This revolution was accompanied and stained by an indiscriminate massacre of the magi. Nor did the Persians, who bore to that Median tribe the usual hatred which conquerors feel to the wisest and noblest part of the conquered race, content themselves with a short-lived and single revenge. The memory of the imposture and the massacre was long perpetuated by a solemn festival, called “the slaughter of the Magi,” or Magophonia, during which no magian was permitted to be seen abroad.

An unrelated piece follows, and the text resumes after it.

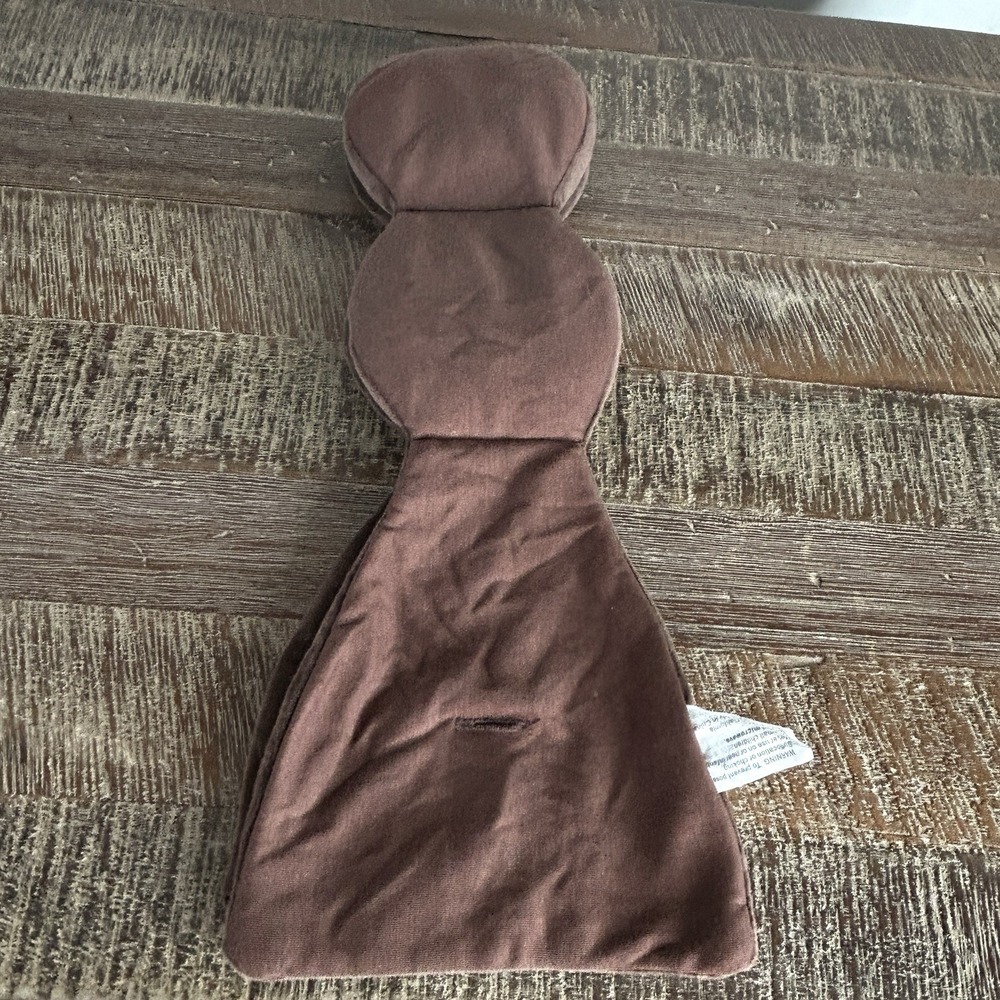 Nodpod Weighted Eye Sleep Mask Velvet Cafe Collection Supima Cotton Limited Ed - Picture 5 of 9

The result of this conspiracy threw into the hands of the seven nobles the succession to the Persian throne: the election fell upon Darius, the soul of the enterprise, and who was of that ancient and princely house of the Achaemenids, in which the Persians recognised the family of their ancestral kings. But the other conspirators had not struggled solely to exchange one despot for another. With a new monarchy arose a new oligarchy. Otanes was even exempted from allegiance to the monarch, and his posterity were distinguished by such exclusive honours and immunities, that Herodotus calls them the only Persian family which retained its liberty. The other conspirators probably made a kind of privileged council, since they claimed the right of access at all hours, unannounced, to the presence of the king—a privilege of the utmost value in Eastern forms of government—and their power was rendered permanent and solid by certain restrictions on marriage 40, which went to maintain a constant alliance between the royal family and their own. While the six conspirators rose to an oligarchy, the tribe of the Pasargadae— the noblest of those sections into which the pure Persian family was divided—became an aristocracy to officer the army and adorn the court. But though the great body of the conquered Medes were kept in subject inferiority, yet the more sternly enforced from the Persian resentment at the late Median usurpation, Darius prudently conciliated the most powerful of that great class of his subjects by offices of dignity and command, and of all the tributary nations, the Medes ranked next to the Persians.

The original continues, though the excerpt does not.